▶ _WHAT TO DO_:
Below are records to print word for word; include none of their pictures.

▶ _INFORMATION SUPPLIED_:
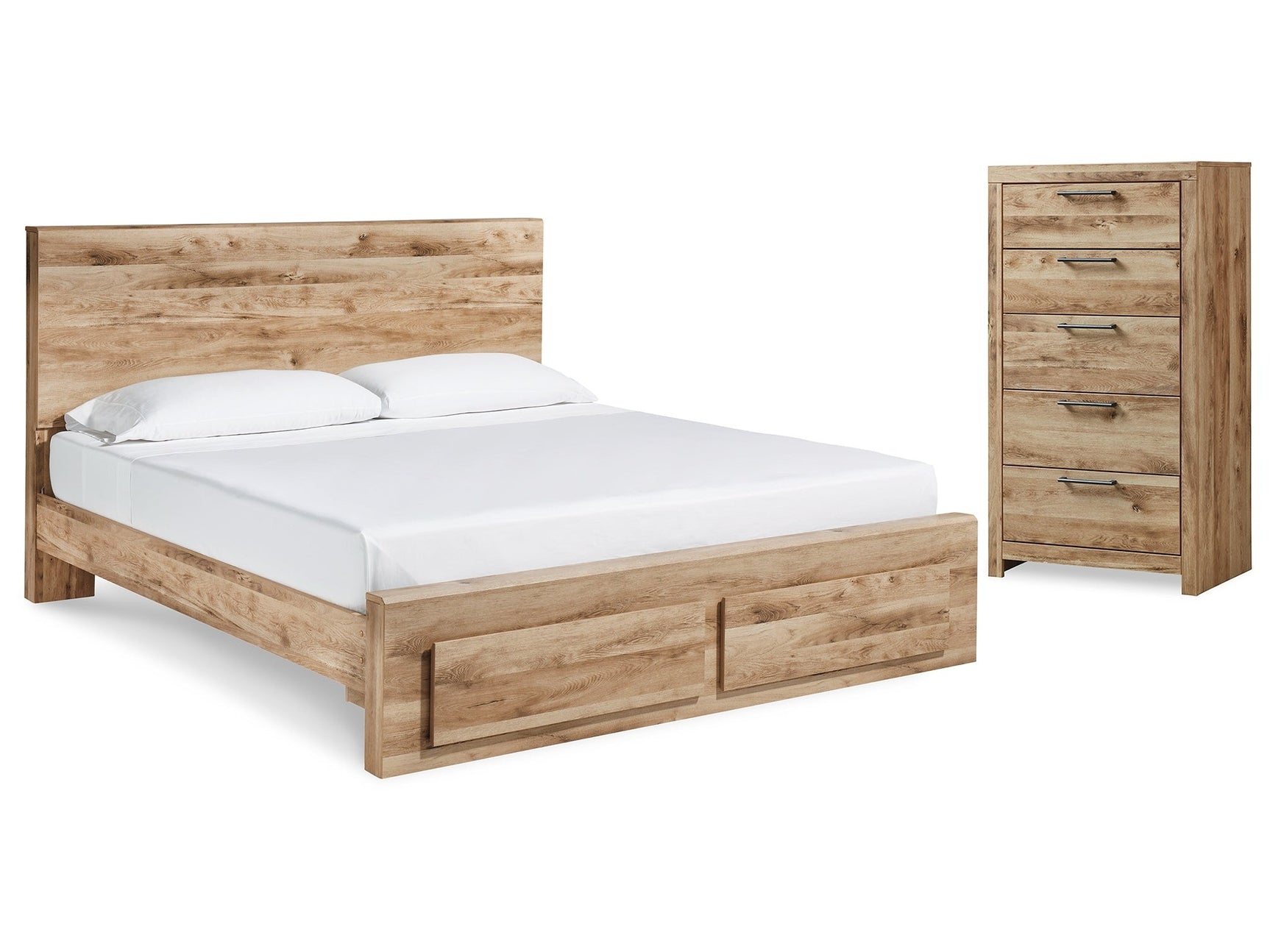 Hyanna Tan Brown Queen Panel Storage Bedroom Set with Chest - Ornate Home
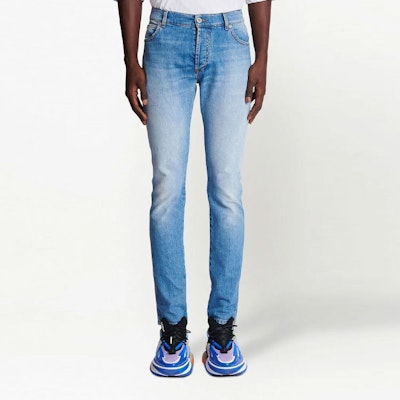 BALMAIN SS23 Jeans Lurus Basuh Biru Lelaki Denim. AH1MM000DD09-6FF Shop BALMAIN SS23 Jeans Lurus Basuh Biru Lelaki Denim. AH1MM000DD09-6FF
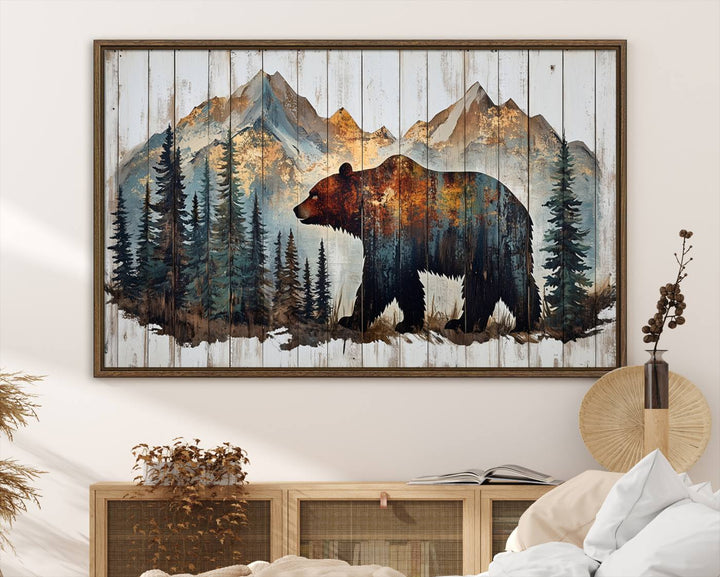 The Rustic Grizzly 399 Bear and Mountain Wood Canvas Wall Art elegantly depicts a majestic bear in a pine forest with mountain silhouettes, expertly framed on distressed wooden panels. This nature-inspired piece infuses charm and warmth, serving as perfect cabin wall decor.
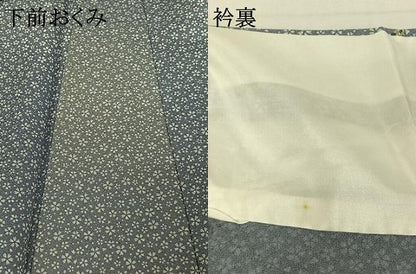 平和屋着物▽上質な小紋　単衣　花尽くし文　反端付き　正絹　逸品　AABK3669jh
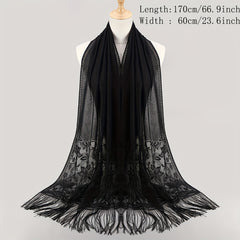 Flower Hollow Shawl Lace Shawl Solid Scarf Hijab Women Wrap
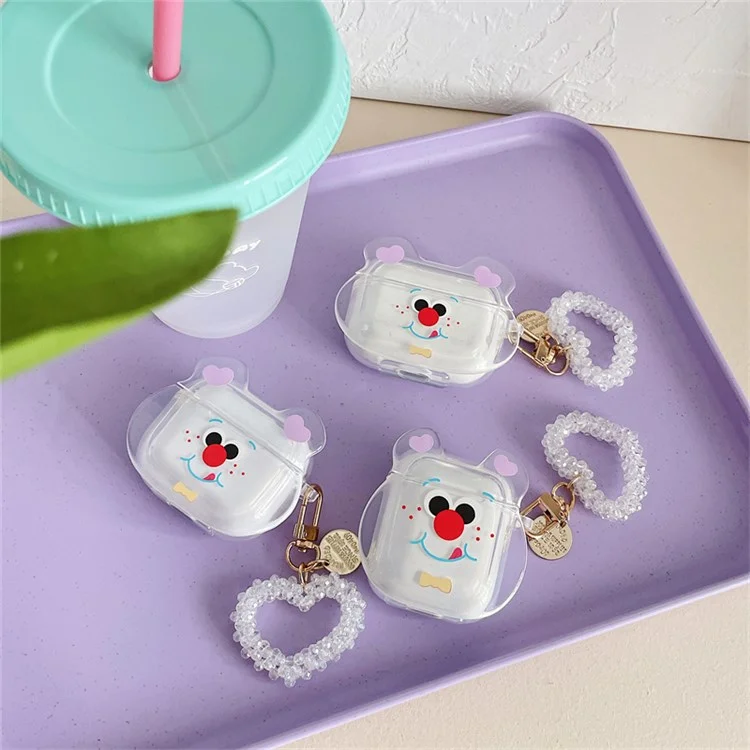 Para Apple AirPods Pro Cute Chefe Cabeça Padrão Transparente TPU TPU Caixa de Ouvido à Prova de Choque de Choque Com Pingente de Coração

▶ _EXERCISE ANSWER_:
 Hyanna Tan Brown Queen Panel Storage Bedroom Set with Chest - Ornate Home
 BALMAIN SS23 Jeans Lurus Basuh Biru Lelaki Denim. AH1MM000DD09-6FF Shop BALMAIN SS23 Jeans Lurus Basuh Biru Lelaki Denim. AH1MM000DD09-6FF
 The Rustic Grizzly 399 Bear and Mountain Wood Canvas Wall Art elegantly depicts a majestic bear in a pine forest with mountain silhouettes, expertly framed on distressed wooden panels. This nature-inspired piece infuses charm and warmth, serving as perfect cabin wall decor.
 平和屋着物▽上質な小紋　単衣　花尽くし文　反端付き　正絹　逸品　AABK3669jh
 Flower Hollow Shawl Lace Shawl Solid Scarf Hijab Women Wrap
 Para Apple AirPods Pro Cute Chefe Cabeça Padrão Transparente TPU TPU Caixa de Ouvido à Prova de Choque de Choque Com Pingente de Coração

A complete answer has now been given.